New Laws to Live By: European bodies like draft Constitution changes, opposition doesn’t

After four days of debates the National Assembly has adopted a new draft of constitutional amendments. The draft of the ruling coalition, although acceptable for European structures, was not acceptable for the Armenian opposition.

The opposition stopped its 18-month boycott to take part in the discussions, but on the next to last day of the discussions left the hall stating that they would vote against the changes (one wing of the opposition – the Ardarutyun bloc member Hanrapetutyun party had not ceased the boycott).

Constitutional amendments have been the most debated political topic of the last three months, and have been broadcast live on television. On May 11, the National Assembly adopted a draft of constitutional amendments in the first reading that was little different from the existing one (click here to see previous ArmeniaNow report); the branches of government were not separated, and the President had unlimited powers.

On May 27, the Council of Europe Press Service disseminated a report saying that the adopted draft had deeply disappointed the Venice Commission’s working group and that it needed drastic changes. The Venice Commission’s working group and representatives of the Armenian authorities met in Strasbourg on June 23-24 and an agreement was reached to amend the controversial provisions. As a result, a new draft of changes was worked out.

Thus, under pressure of European bodies Armenia’s authorities agreed to make new amendments.

Three key provisions are introduced in the new revised draft:

Yerevan’s mayor is elected (by a council of elders, who are also elected. Presently, the mayor is appointed by the President). 2. The President appoints judges according to proposals of the Justice Council (unlike the previous provision according to which the Chairman of the Justice Council was appointed by the President, and under the Constitution currently in force the President is the Chairman of the Justice Council). The Prime Minister is responsible only to the National Assembly and the President cannot dismiss him. The President appoints a Prime Minister enjoying the support of a parliamentary majority.

Further, half of the members of the Television and Radio Commission are elected by the National Assembly, and the other half are appointed by the President. (Currently, all members of the Commission are appointed by the President. The controversial closure of A1+ TV can be explained by the dependence of the Commission on the President.)

During the last month ambassadors of European countries to Armenia on several occasions hailed the new constitutional changes submitted by the coalition and urged the country’s opposition to participate in the discussions of these changes.

The opposition admitted that this draft is a positive step compared to the previous one, but said it still has unacceptable provisions.

The opposition, in particular the Ardarutyun bloc, had submitted five proposals which were not considered in the changes.

Another major argument for which the opposition is against the draft is that if the Constitution is adopted now, the changes will be made, according to the chapter of transitional provisions, in June 2007, after the new parliamentary elections, and part of them will come into effect a year later.
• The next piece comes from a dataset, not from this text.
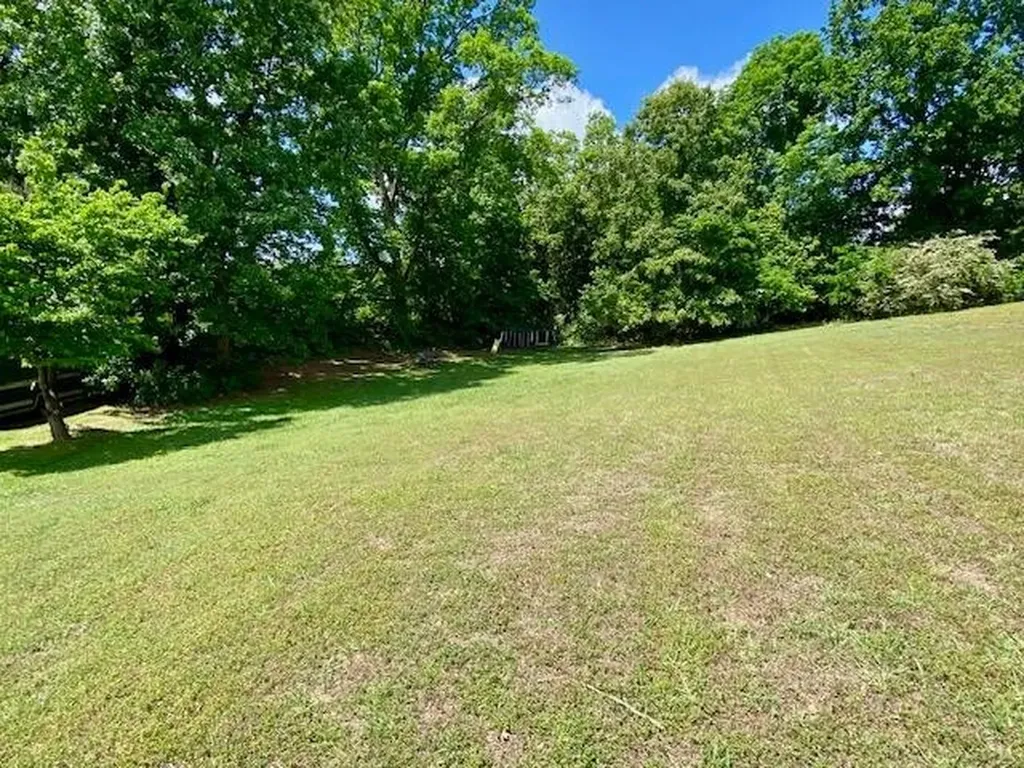 122 Fall Court, NE Cleveland TN 37312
The opposition leaders stated that they would vote against the draft, and Ardarutyan bloc member Shavarsh Kocharyan said that in his opinion the opposition must remain neutral and let the authorities convince the people to vote in favor of the changes. He said that this draft is not a child of the coalition, as it was created under European pressure and shows how within just three months the same people presented basically different changes. Neither is it a child of the opposition, as no proposal of the opposition was included. Coalition representatives said that the changes from the very outset proceeded from the opposition’s proposals and were not the result of pressure from the West.
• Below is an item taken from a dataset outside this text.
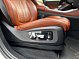 BMW X5 xDrive30d M Sport Pro, 2020 года, пробег 118465 км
In political analysts’ opinion, because of the opposition’s stance the constitutional referendum will either not be held or else the authorities will rig the results.

Political analyst Vardan Poghosyan, who took an immediate part in the Strasbourg meeting and had a part in the changes, says that this draft with all its shortcomings is democratic and it would be better if these changes worked. But the people will not accept them, as they were not created in an atmosphere of political accord: “The Constitution is not only a legal document, it is also a political document and first of all the result of political agreements,” he says. “The authorities were reluctant to reach political agreement. Besides, if the authorities are proponents of reforms, why don’t they want the key changed provisions to go into effect soon?

“On the other hand, the opposition could have acted more competently, stopping its boycott, submitting its constitutional draft and stressing 10 points intelligibly for the people, and then urge the people to vote for them if they are included in the changes. But in any case, the opposition is little to blame. The authorities showed that they would not stop at anything and would not go to agreement.”

The constitutional changes are likely to be put to a referendum in November.